Subscribe or Renew Membership Subscribe Renew

pouring concrete around/over PT wood? God idea? Bad idea?

Meghini's picture

Hi, 

This is related to my previous post about raisiing my sunken liviing room floor. If you want more deatils about this bizarre fiasco, you can check that out.

I currently have what is essentially a wooden,  living room sized loud drum. One of the fixes the contractor has proposed is taking off all the plywood/osb and pouring concrete around/over the PT 2x4's. Is pouring concrete over PT wood ok? We're in Phoenix where aird is putting it nicely, if thats relevant. 

I like that I'd be guaranteed to not have a noisy floor  and my confidence in what he tells me about thow to make it not loud is limited since he says its not loud in the first place and had a tantrum yesterday when I pointed it out.  

Ive been told by half a dozen contractors that pouring a roughly 4" addition to my 12 1/2' x 20 1/2' space would require mesh and/or rebar. I was never quoted less than $2000 to do this. Is that incorrect?

I'm trying to figure out if pouring aroud the wood is even a good idea because its really hard to undo if it turns out badly.  

(The other opetion is making him lay PT 2x4's corectly and getting stone wool to fill in the gaps. You can read more about that and see pictures of the weird thing he did on the other ppost if youre intereted.)

Thanks for any advice. 

Pouring concrete next to/on (post #216441, reply #1 of 5)

Pouring concrete next to/on FOUNDATION GRADE treated wood is OK.  Pouring on plain old "treated" wood is iffy.


Of all the preposterous assumptions of humanity over humanity, nothing exceeds most of the criticisms made on the habits of the poor by the well-housed, well-warmed, and well-fed.  --Herman Melville

Never a good idea to encase (post #216441, reply #2 of 5)

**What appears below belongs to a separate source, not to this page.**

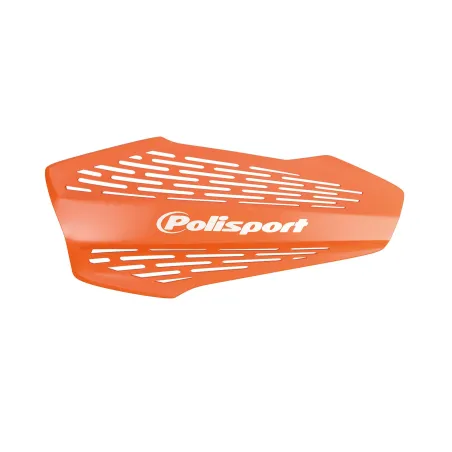 REPUESTO PLÁSTICO POLISPORT  MX FORCE Naranja ork16 KTM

Never a good idea to encase wood with concrete. It's an invitation to termites and rot. Very poor construction practice

Florida Licensed Building Contractor, 50 years experience in commercial remodeling, new homes, home remodeling and repairs and all types building maintenance.

Never a good idea to encase (post #216441, reply #3 of 5)

Never a good idea to encase wood with concrete. It's an invitation to termites and rot. Very poor construction practice

With any kind of structure exposed to the elements at all, there would be no possible argument against your statement. But this is interior construction in a very arid climate, and it is PT wood. What could possibly damage it?

There's no way termites or moisture is going to get to that & besides the wood is PT.

Given the situation as it is, that might be the OP's only way to get what they want.

Ed

Even eliminating termites and (post #216441, reply #4 of 5)

Even eliminating termites and rot it's still a poor construction practice. It is a shortcut approach done by hacks and amateurs.

Florida Licensed Building Contractor, 50 years experience in commercial remodeling, new homes, home remodeling and repairs and all types building maintenance.

Hi there, Sorry to hear about (post #216441, reply #5 of 5)

Hi there, Sorry to hear about the situation.  I saw photos from your other post and you absolutely need to start 100% over.  There is nothing done correctly, fixable, worth saving whatsoever.  Remove all of the wood and pour a slab with mesh or wire.  It is easy, quick, and should be fairly cheap.  A 2 car garage slab with wire is about $1500 here in Boston.... has to be cheaper there.  Do not consider pouring concrete around the wood, put it in the dumpster and move on.  A properly built, quiet (insulated), wood-framed floor with some kind of finish flooring over it would be twice the cost of concrete.  Yikes....   good luck.